Sunday, 27 December 2009

Augustine of Hippo

In 386 a lecturer of rhetoric in Carthage, St Augustine (354-430), was converted to Christianity. Though he’d learnt the Christian faith from his Mother, Monnica, doubts had began to creep in as a result of his Rhetoric studies and at the age of 19 a treatise by Cicero made him realize he should make truth his life search. For the next 10 years he was attached to the heretical Manicheanism beliefs and during this time his concerned mother sent a certain bishop to debate with him. The prelate found him to be too clever a disputant and the bishop counselled Monnica to "content yourself with praying for him." She went to her charge weeping and he sent her away saying, "Go, continue as you have done till now; it is impossible that the son of so many tears should perish."

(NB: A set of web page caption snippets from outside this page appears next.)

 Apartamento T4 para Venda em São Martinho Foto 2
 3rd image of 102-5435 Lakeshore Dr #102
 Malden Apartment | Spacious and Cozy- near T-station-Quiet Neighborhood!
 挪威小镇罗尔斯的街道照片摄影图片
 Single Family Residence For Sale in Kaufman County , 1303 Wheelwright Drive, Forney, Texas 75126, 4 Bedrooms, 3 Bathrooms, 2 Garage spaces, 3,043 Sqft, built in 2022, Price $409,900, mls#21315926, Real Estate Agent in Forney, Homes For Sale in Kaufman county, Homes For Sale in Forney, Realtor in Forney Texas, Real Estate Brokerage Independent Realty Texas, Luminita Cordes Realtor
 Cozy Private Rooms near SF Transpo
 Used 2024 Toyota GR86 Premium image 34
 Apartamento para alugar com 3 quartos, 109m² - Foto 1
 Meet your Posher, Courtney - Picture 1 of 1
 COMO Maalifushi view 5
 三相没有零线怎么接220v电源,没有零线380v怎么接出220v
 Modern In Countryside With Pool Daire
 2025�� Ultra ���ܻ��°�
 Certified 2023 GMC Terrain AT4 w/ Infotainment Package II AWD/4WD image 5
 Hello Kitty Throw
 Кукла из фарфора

Later he found himself in Milan, where Bishop Ambrose's sermons began to speak to his heart but he was still too entwined in the world to convert. After reading an account of the lives of Anthony and other Egyptian hermits, Augustine was thrown into deep inner turmoil but he was still unable to break free. However whilst walking through his garden, he heard a child saying in a sing-song voice "Take it and read it." Under a fig tree, Augustine read Romans 13 v13-14 and in tears he finally found the Savior that his mother had told him about. "As if the light of peace was poured in my heart and all the shades of doubt faded away", he later wrote in his spiritual autobiography Confessions.
The following year Bishop Ambrose baptized St Augustine in the Milan Easter vigil service on the night of Holy Saturday. In his book Confessions, Augustine described later the ceremony “I wept at the beauty of the hymns and canticles and was powerfully moved at the sweet sound of your churches singing…My feeling of devotion overflowed and the tears ran from my eyes and I was happy in them.” The hymn Te Deum, based on the text “Te Deum Laudamus”, (“We praise thee O God”) originated during this baptism.
In 391 Augustine visited the Mediterranean port of Hippo, 60 miles away, to set up a monastery there and one Sunday he attended Mass where the local Bishop Valerius was preaching. The aged bishop, who was looking for an assistant, preached the need for another ordained man in the town. The church members decided they want Augustine for this post and Valerius agreed however Augustine felt inadequate and declined. The congregation would have none of it and he was jostled to the front of the church where he was ordained on the spot. The new priest began devoting himself to the mastery of Scripture and within six years he was ordained Bishop of Hippo.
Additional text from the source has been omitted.